In this moving account, Fábio de Melo reconstructs his relationship with his mother, Ana Maria. In heartbreaking and sincere prose, he reveals his deepest feelings in conversations about spirituality, religion, permanence, faith, and love, as well as about life and its legacy.
“After my mother dies, my obligation to be happy also dies.” - Fábio de Melo
With profound sensitivity and lyricism, Ana Maria presents the reader with a frank account of the deconstruction of her mother as an idealized model and of the grief not only of the human and material loss, but also of this idealization itself. By reconstructing, through an imaginary dialogue, his mother's journey of humility and deprivation and reflecting on how this shaped not only her worldview but also his own, Fábio de Melo, more as a son than as a priest, reveals with raw emotion his impressions of faith and love, resentment and pain, the joys and cruelties of life. It is a powerful and moving reflection on the passage of time and finitude, a work capable of touching and sensitizing everyone.

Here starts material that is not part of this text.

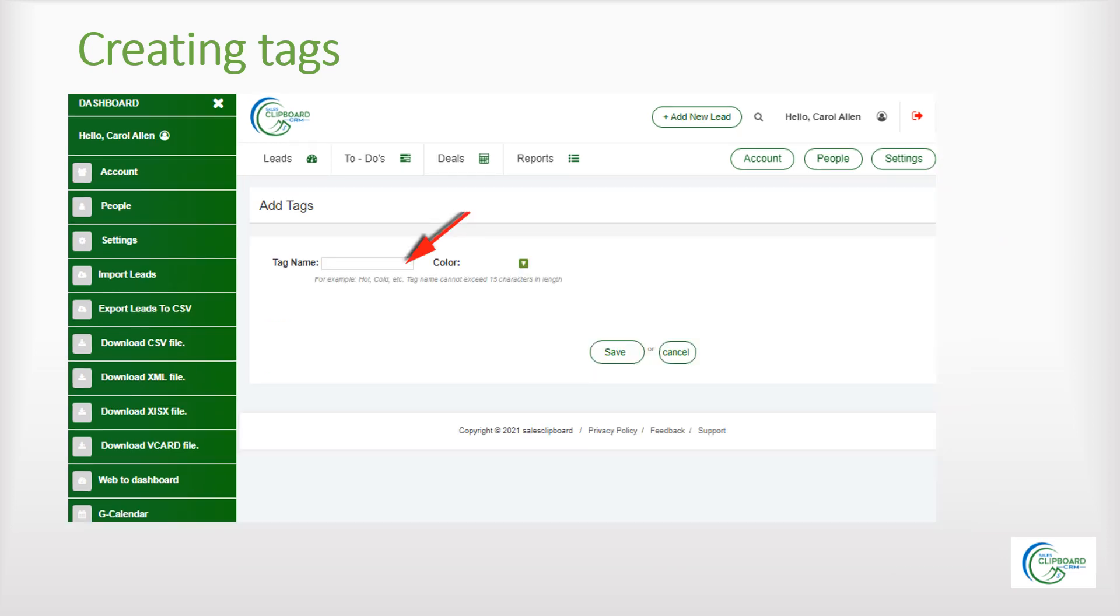You can create tags to organize your leads by any criteria you wish. The strength of the lead, who is managing, product interests, etc. You can color code the labels to make them more useful.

“Forget what you already know about her, what you already understood about her.
Look at your lady as if you were absorbed in the details of a Caravaggio painting. Read her lines as if you were reading a detailed description by Marcel Proust.
Do like the character who set out in search of lost time. Dip the madeleine in the café au lait and travel the paths that reminiscence suggests.
Then return, embrace the memory already forgiven, allow yourself the tears that wash away the past in the waters of the present. And, now in perfect agreement with the pains that cloud the blades of your eyes, see how beautiful your mother is.”